Dalam ayat yang lain,
قُلْ لَا أَمْلِكُ لِنَفْسِي نَفْعًا وَلَا ضَرًّا إِلَّا مَا شَاءَ اللَّهُ ۚ وَلَوْ كُنْتُ أَعْلَمُ الْغَيْبَ لَاسْتَكْثَرْتُ مِنَ الْخَيْرِ وَمَا مَسَّنِيَ السُّوءُ ۚ إِنْ أَنَا إِلَّا نَذِيرٌ وَبَشِيرٌ لِقَوْمٍ يُؤْمِنُونَ
“Katakanlah: “Aku tidak berkuasa menarik kemanfaatan bagi diriku dan tidak (pula) menolak kemudharatan kecuali yang dikehendaki Allah. Dan sekiranya aku mengetahui yang ghaib, tentulah aku membuat kebajikan sebanyak-banyaknya dan aku tidak akan ditimpa kemudharatan. Aku tidak lain hanyalah pemberi peringatan, dan pembawa berita gembira bagi orang-orang yang beriman.” (QS. Al-A’raf: 188)
Oleh karenanya Nabi shallallahu ‘alaihi wa sallam tertimpa kemudharatan ketika Perang Uhud, yaitu beliau terluka dan lainnya. Ini dikarenakan Nabi shallallahu ‘alaihi wa sallam tidak mengetahui banyak hal. Akan tetapi Nabi shallallahu ‘alaihi wa sallam mengetahui sebagian ilmu gaib yang Allah subhanahu wa ta’ala beritahukan kepadanya.
Nabi adalah manusia biasa seperti manusia lainnya. Di antara bukti bahwa Nabi shallallahu ‘alaihi wa sallam adalah manusia seperti kita walaupun beliau seorang Rasul yang diistimewakan adalah beliau makan seperti kita makan. Beliau merasakan lapar sebagaimana kita merasakan lapar. Beliau buang hajat sebagaimana kita buang hajat. Beliau merasakan lelah, letih, tidur, dan sakit maka begitu juga kita. Nabi shallallahu ‘alaihi wa sallam menikah sebagaimana kita menikah. Beliau memiliki anak seperti kita yang memiliki anak. Kita akan meninggal, begitu juga dengan Nabi shallallahu ‘alaihi wa sallam yang meninggal, Allah subhanahu wa ta’ala berfirman,
إِنَّكَ مَيِّتٌ وَإِنَّهُمْ مَيِّتُونَ
“Sesungguhnya kamu akan mati dan sesungguhnya mereka akan mati (pula).” (QS. Az-Zumar: 30)
Allah menurunkan Nabi shallallahu ‘alaihi wa sallam dalam bentuk manusia, bukan dalam bentuk malaikat, tujuannya adalah agar bisa kita teladani.

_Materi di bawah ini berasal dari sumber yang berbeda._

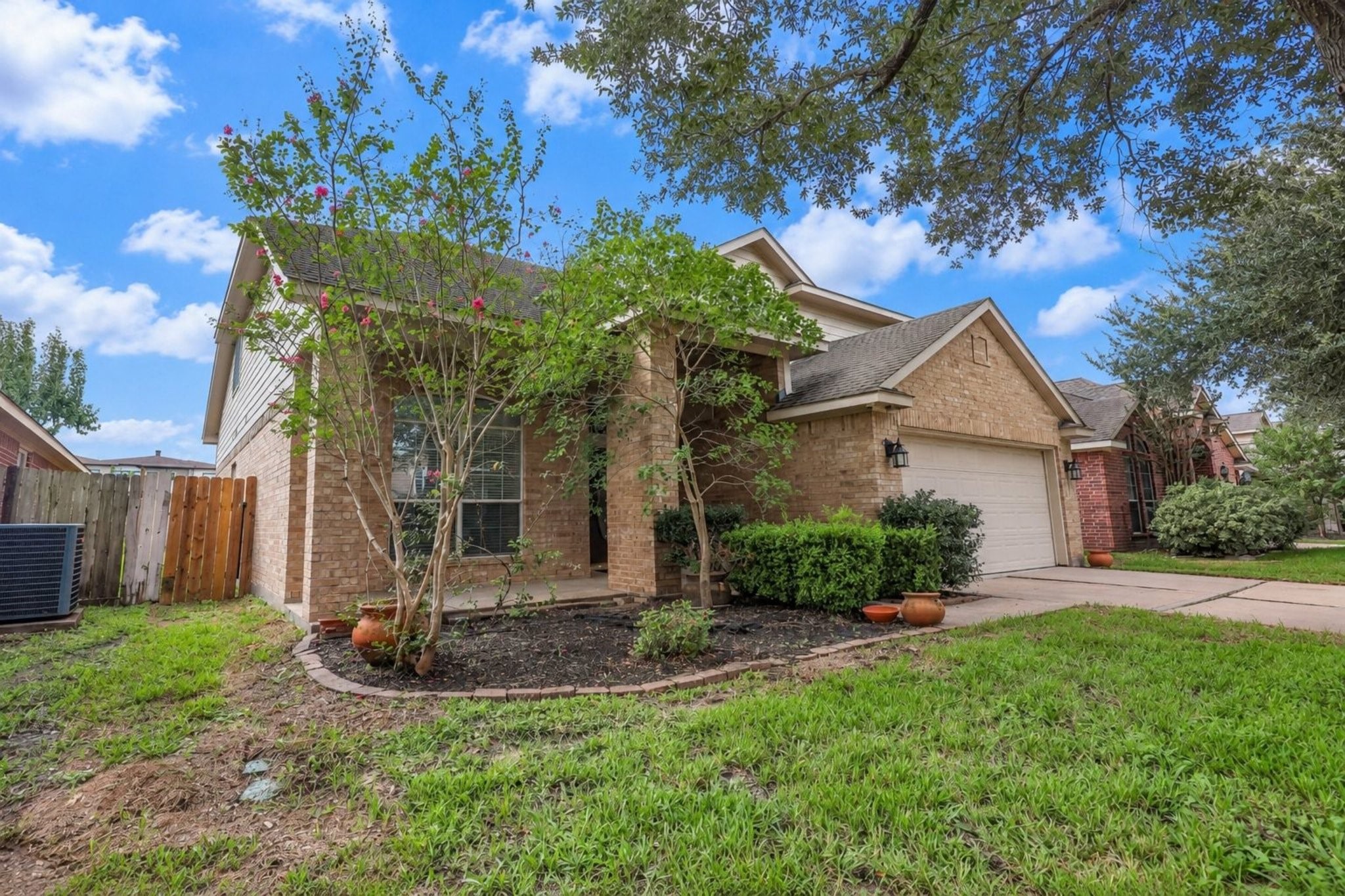 25215 Spring Iris Lane Property Photo 5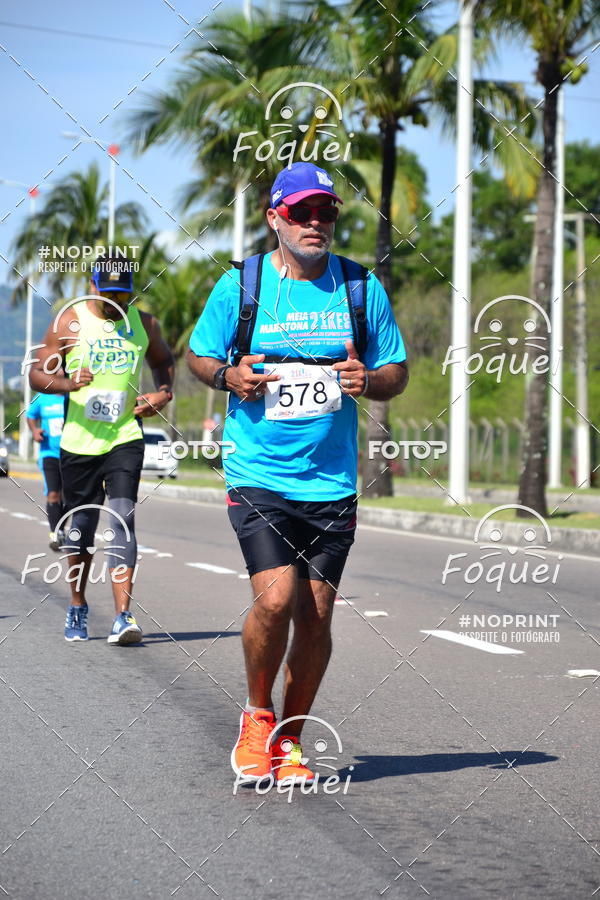 Buy your photos of the event21KES - Meia Maratona do Esprito Santo on Fotop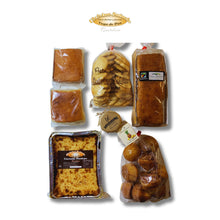 Cargar imagen en el visor de la galería, Contenido completo del pack merienda pasiega con sobaos, quesada y dulces tradicionales de Cantabria.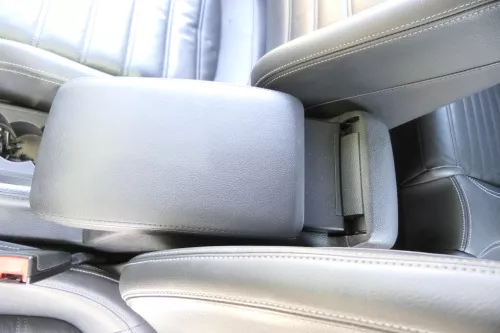 VW Golf 6 5K Scirocco Mittelarmlehne Armlehne Lehne Mitte Original Leder schwarz (158226)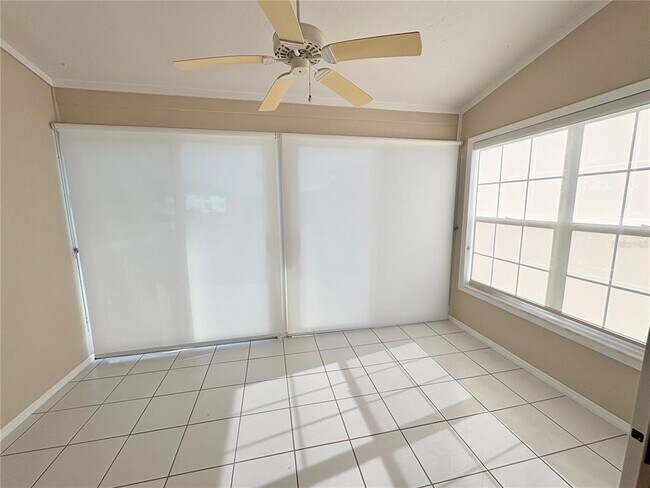 Building Photo - 1011 Pelican Ct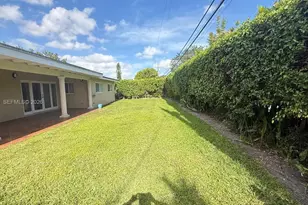 8820 SW 43rd Terrace, Miami, FL 33165 - Photo 17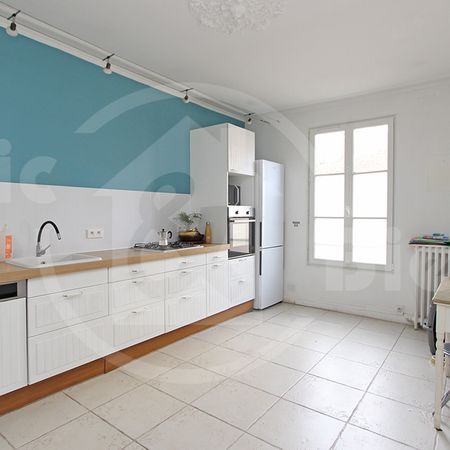 Appartement - 5 pièces - 91,81 m² - Versailles - Photo 3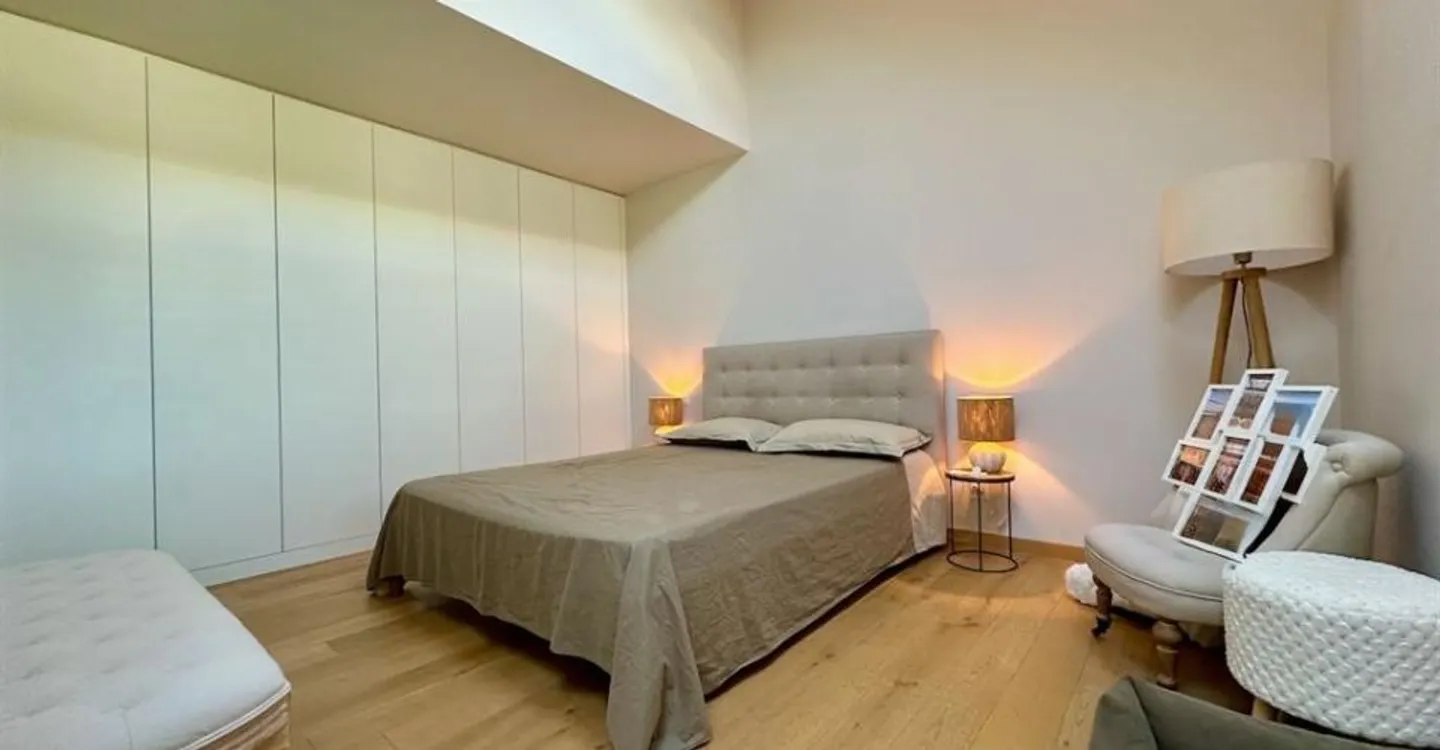 Spectacular volumes and contemporary charm in the heart of Burtigny - Photo 4 of 10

Jika Nabi shallallahu ‘alaihi wa sallam seperti yang dikatakan oleh sebagian orang bahwa beliau tidak ada bayangannya dan dari tubuhnya keluar cahaya, maka bagaimana kita bisa mencontohi Nabi? Ada juga yang mengatakan bahwa beliau tidak buang hajat, lalu bagaimana kita bisa belajar tentang istinja? Maka yang benar bahwasanya Rasulullah seperti kita, hanya saja beliau diberikan kelebihan dan mukjizat, sebagai pembeda antara dirinya dengan manusia biasa.
Kemudian firman-Nya,
يُوحَىٰ إِلَيَّ أَنَّمَا إِلَٰهُكُمْ إِلَٰهٌ وَاحِدٌ ۖ فَمَنْ كَانَ يَرْجُو لِقَاءَ رَبِّهِ فَلْيَعْمَلْ عَمَلًا صَالِحًا وَلَا يُشْرِكْ بِعِبَادَةِ رَبِّهِ أَحَدًا
“yang diwahyukan kepadaku: “Bahwa sesungguhnya Tuhan kamu itu adalah Tuhan yang Esa”. Barangsiapa mengharap perjumpaan dengan Tuhannya, maka hendaklah ia mengerjakan amal yang saleh dan janganlah ia mempersekutukan seorangpun dalam beribadat kepada Tuhannya”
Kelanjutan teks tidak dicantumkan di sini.